The NESARC sample resulted in a total of 43,093 completed interviews, including an oversample of non-Hispanic Black and Hispanic households. For the current analysis, we restricted the analysis to the population aged 65 or older and enrolled in Medicare but not participating in Medicaid. (We excluded Medicaid enrollees to make medical care decisions related to health insurance more homogeneous across observations.) These criteria produced a total of 6,861 observations consisting of 2,587 men and 4,274 women.
Measures
Health Status and Health Care Utilization
We selected three measures of health status that prior studies have found to be associated with alcohol use: self-reported health, injuries, and heart problems. The self-perceived health measure was set to 1 if the respondent reported "very good" or "excellent" health status (from among five options that also included "good," "fair," and "poor") at the time of the interview. We chose this cutoff to dichotomize the variable because it was a natural interval in the distribution: 33% of the sample reported excellent or very good health, 31% good health, and 35% fair or poor health. A second variable indicated whether the respondent reported having suffered any injuries in the 12 months prior to the interview that had caused him or her to seek medical help or limit usual activities for more than half a day. The measure for heart problems was set to 1 if the respondent had experienced chest pain, rapid heartbeat, hardened arteries, heart attack, or other heart disease in the past 12 months.

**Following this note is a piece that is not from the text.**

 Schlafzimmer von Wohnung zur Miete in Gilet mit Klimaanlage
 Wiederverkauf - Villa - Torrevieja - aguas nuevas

We defined two dichotomous dependent variables—any visits to the ER and any hospitalizations during the past 12 months—on the available measures of health care utilization in the NESARC. The lack of information about other health care services, such as primary care, constitutes a limitation of our study. Previous studies of middle-aged populations have found that although alcohol use is positively associated with ER visits and inpatient health services, it is negatively related to outpatient services (Anzai et al., 2005; Cherpitel et al., 2006).
Alcohol Use
We first categorized the sample broadly into current drinkers (consumed at least 12 drinks in the past year), former drinkers (consumed less than 12 drinks in the past year but more than 12 drinks in a single previous year[s]), and lifetime abstainers (never consumed 12 or more drinks in a single year). Among drinkers, we constructed a number of measures that could characterize different drinking patterns during the past 12 months. We initially defined more than 20 specifications that described alternative alcohol use behaviors based on measures of frequency and intensity of drinking, Diagnostic and Statistical Manual of Mental Disorders (DSM) diagnosis, and type of ethanol consumption (wine, spirits, and others). We estimated preliminary multivariate regressions associating each alcohol use measure with the different health outcomes and controlling for a full set of sociodemographic and regional variables. We used the Bayesian Information Criterion (BIC) test (Schwarz, 1978) to select those specifications that achieved the best fit of the data. The BIC is a statistical criterion for model selection that increases with the residual sum of squares from the estimated model and with the number of free parameters to be estimated (the number of regressors in a linear regression). In other words, both unexplained variation in the dependent variable and the number of explanatory variables increase the value of the BIC. Between two models with the same number of explanatory variables, the model with the lower BIC is a better fit.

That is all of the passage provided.